* [PROBLEM]
Only these lines are needed: the first line of the entries below through the line with "Dining room with", each returned exactly.

* [Collection entries]
□ □ □ □ □ □ □
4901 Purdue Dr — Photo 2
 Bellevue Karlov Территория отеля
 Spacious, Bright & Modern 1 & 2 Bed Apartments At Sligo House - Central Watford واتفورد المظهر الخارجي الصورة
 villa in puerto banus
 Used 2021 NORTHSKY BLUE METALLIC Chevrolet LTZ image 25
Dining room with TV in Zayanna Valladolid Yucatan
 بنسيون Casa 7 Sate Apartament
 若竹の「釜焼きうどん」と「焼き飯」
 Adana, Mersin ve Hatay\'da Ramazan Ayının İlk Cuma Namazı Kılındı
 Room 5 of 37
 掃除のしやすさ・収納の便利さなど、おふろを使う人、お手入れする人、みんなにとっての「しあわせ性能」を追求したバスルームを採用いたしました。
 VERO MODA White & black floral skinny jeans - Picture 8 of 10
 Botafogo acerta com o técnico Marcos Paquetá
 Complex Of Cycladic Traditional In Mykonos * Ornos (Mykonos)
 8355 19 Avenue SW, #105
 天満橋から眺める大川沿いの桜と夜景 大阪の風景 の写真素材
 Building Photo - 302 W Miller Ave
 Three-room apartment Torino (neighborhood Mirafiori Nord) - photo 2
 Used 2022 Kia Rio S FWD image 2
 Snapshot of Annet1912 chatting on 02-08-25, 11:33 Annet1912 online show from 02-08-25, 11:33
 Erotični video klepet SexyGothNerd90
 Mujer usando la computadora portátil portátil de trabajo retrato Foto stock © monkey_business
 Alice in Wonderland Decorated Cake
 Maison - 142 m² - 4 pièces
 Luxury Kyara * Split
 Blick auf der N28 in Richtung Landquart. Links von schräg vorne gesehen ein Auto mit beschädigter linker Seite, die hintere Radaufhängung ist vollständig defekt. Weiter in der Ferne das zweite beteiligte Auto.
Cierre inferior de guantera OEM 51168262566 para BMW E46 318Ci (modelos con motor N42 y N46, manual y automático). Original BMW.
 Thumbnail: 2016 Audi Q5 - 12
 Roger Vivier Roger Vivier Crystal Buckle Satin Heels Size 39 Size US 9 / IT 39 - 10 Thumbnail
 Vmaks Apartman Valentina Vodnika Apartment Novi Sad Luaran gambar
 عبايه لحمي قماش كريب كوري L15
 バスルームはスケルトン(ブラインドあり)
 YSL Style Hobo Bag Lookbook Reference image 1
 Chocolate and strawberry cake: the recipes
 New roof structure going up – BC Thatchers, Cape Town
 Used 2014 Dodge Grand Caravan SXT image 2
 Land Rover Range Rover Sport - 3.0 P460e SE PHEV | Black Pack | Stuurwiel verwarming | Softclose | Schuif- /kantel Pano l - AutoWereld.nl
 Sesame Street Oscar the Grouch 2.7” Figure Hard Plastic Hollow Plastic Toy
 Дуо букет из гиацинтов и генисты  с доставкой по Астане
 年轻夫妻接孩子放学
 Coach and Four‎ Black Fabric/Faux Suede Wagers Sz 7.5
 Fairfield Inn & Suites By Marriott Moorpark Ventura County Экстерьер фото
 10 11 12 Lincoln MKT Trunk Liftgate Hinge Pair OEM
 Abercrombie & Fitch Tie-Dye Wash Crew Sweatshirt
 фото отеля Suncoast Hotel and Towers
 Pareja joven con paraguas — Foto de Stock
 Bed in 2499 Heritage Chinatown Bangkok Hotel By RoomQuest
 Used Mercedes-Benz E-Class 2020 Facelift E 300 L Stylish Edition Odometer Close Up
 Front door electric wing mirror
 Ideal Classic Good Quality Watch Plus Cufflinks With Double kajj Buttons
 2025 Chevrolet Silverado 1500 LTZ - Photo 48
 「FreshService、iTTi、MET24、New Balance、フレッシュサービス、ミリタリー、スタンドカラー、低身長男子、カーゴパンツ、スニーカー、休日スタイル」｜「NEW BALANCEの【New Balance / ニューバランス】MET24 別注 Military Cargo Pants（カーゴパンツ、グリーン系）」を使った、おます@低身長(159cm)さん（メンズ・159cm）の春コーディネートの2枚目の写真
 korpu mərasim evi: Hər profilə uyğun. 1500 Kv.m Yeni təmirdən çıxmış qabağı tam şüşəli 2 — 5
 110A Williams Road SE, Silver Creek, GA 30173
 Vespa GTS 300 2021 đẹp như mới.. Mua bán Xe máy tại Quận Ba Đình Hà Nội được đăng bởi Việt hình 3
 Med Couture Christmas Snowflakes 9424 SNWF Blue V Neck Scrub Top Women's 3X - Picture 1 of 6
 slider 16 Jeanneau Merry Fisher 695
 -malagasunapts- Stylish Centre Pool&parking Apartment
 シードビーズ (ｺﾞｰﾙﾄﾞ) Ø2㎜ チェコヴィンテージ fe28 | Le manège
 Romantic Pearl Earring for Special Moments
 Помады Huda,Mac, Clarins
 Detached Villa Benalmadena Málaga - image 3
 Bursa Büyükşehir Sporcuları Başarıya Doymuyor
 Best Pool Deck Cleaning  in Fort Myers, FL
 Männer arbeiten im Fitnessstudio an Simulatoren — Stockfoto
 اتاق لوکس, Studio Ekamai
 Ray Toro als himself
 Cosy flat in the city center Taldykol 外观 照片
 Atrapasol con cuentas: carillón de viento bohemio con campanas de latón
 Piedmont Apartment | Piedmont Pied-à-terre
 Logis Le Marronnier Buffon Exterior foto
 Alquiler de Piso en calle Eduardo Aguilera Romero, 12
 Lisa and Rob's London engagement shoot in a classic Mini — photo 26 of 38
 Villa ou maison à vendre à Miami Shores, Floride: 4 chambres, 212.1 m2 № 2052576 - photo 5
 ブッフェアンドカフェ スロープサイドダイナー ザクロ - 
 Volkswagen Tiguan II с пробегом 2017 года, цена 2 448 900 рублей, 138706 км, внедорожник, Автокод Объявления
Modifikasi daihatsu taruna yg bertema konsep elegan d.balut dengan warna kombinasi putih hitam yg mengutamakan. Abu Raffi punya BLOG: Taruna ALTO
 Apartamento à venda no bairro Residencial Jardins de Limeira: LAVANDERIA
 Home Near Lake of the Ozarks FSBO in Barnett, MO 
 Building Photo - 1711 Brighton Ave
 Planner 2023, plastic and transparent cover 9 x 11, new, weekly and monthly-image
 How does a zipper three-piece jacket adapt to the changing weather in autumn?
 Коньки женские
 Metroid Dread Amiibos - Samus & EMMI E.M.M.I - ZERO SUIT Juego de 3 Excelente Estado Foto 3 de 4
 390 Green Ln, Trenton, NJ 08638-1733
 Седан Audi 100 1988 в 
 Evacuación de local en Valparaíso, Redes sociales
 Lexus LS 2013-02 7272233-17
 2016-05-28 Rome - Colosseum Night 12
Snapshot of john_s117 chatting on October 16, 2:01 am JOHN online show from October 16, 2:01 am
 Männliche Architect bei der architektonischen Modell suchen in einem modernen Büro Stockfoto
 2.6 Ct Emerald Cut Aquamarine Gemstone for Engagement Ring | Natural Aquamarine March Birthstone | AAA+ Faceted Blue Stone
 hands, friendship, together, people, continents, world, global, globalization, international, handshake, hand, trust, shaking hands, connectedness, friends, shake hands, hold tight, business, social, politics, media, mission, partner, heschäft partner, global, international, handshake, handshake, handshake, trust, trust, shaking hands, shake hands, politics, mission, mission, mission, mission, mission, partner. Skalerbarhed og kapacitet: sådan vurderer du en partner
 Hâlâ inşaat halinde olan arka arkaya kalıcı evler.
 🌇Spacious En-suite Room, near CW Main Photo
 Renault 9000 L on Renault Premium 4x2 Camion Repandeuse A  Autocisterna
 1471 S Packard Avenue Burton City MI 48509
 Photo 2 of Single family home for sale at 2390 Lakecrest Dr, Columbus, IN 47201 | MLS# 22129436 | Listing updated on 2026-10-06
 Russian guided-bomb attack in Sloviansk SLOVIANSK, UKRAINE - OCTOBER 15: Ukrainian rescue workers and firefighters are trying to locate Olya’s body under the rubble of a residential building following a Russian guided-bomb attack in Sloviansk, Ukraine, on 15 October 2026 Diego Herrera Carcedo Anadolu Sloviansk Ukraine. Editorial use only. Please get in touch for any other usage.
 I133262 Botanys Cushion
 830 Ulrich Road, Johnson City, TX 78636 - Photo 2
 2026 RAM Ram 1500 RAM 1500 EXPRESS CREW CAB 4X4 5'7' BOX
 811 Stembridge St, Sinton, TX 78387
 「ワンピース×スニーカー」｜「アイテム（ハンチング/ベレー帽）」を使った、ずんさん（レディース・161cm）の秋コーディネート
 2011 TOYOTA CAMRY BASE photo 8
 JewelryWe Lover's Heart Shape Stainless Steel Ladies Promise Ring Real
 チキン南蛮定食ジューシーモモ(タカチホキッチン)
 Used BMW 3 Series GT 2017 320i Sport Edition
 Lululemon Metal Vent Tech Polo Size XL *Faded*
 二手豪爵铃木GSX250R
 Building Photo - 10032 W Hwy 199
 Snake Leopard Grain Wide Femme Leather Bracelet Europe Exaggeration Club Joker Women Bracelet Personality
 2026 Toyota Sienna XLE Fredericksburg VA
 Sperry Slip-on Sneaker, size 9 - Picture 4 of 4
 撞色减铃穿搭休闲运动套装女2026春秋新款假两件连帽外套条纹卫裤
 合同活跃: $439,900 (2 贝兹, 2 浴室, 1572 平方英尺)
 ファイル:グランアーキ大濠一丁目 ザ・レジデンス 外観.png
□ □ □ □ □ □ □
* [SOLUTION TO THIS EXERCISE]
4901 Purdue Dr — Photo 2
 Bellevue Karlov Территория отеля
 Spacious, Bright & Modern 1 & 2 Bed Apartments At Sligo House - Central Watford واتفورد المظهر الخارجي الصورة
 villa in puerto banus
 Used 2021 NORTHSKY BLUE METALLIC Chevrolet LTZ image 25
Dining room with TV in Zayanna Valladolid Yucatan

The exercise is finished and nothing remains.